Identifying and defining an emerging category of news organizations is no simple task. With no proven model yet standard, the landscape is diverse. First, over a period of four months, researchers conducted an audit of the landscape of hundreds of new non-profit websites across the United States that offer news. Researchers then filtered that group to include only sites that portrayed themselves as news operations rather than advocates; sites at which the majority of content offered was original news reporting rather than aggregation or opinion; and sites that were active, publishing new material at least weekly.

That universe was still quite broad. There are hundreds of sites that cover hyperlocal news, even down to the neighborhood level, and others that focus on just one subject area, such as education or health.[1] To examine a comparable set of sites, researchers filtered the list further to those that were either state-wide or national in scope and that covered a range of subjects.

In addition to the non-profit sites, researchers found seven commercial sites (those registered as limited liability companies and that depend primarily on advertising for their ongoing operations) that fit these
criteria. Some of these, such as Progress Illinois, had ties to financial backers with political interests. These sites were included in the study to allow researchers to assess whether their commercial status might correlate in
any way to the nature of content they produced. Thus the total sample made for a universe of 46 sites.

Researchers then analyzed the sites at two levels. First they performed an audit of the sites and the organizations behind them-staffing, revenue streams and how much each site said about itself, its funding, its mission and its backers.

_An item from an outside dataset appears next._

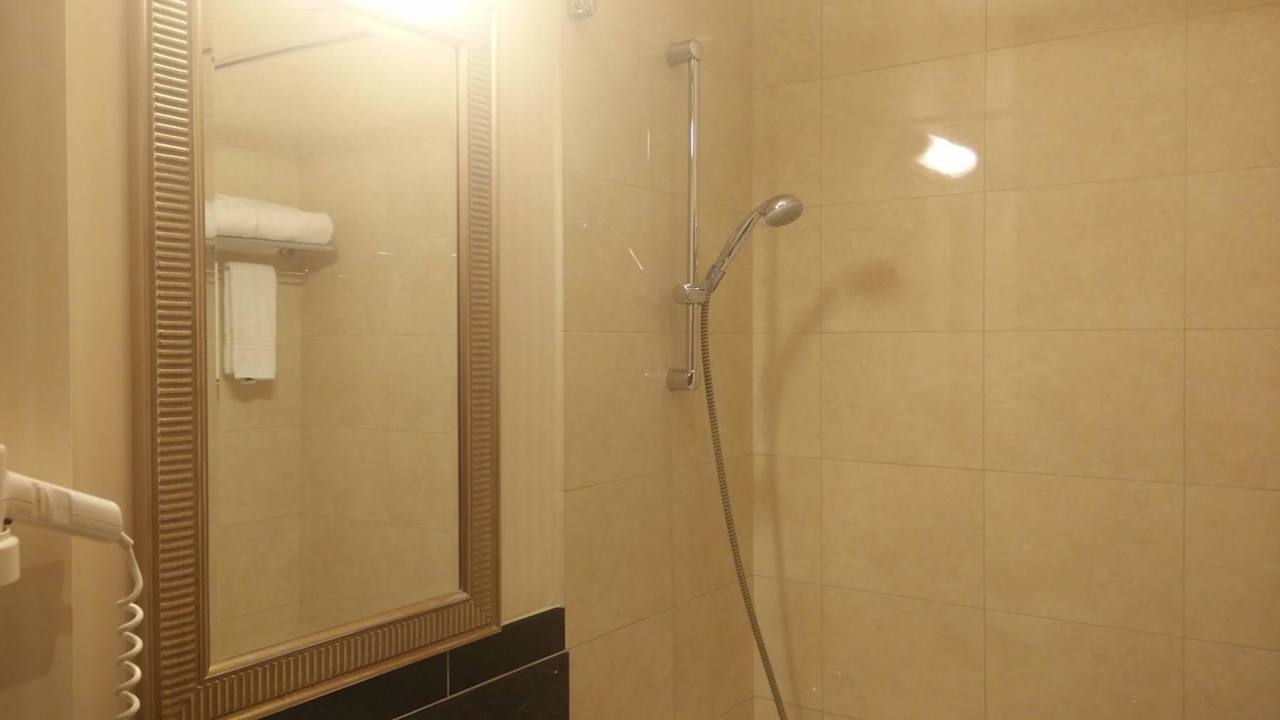 Łazienka Hotel Courtyard by Marriott Warsaw Airport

Second, researchers conducted a content analysis sampled from a month’s worth of news stories on each site to assess productivity of the sites and whether there was a discernible ideological flavor to the news reporting.

(For a complete methodology, including more detailed explanations of how variables and scales were constructed, click here)


[1]Journalist Michael Fancher highlighted dozens of these kinds of sites in Seattle alone in a special report for PEJ. Another journalist, Michele McLellan, counts many more local sites in a series of lists she updates at the University of Missouri’s Donald W. Reynolds Journalism Institute.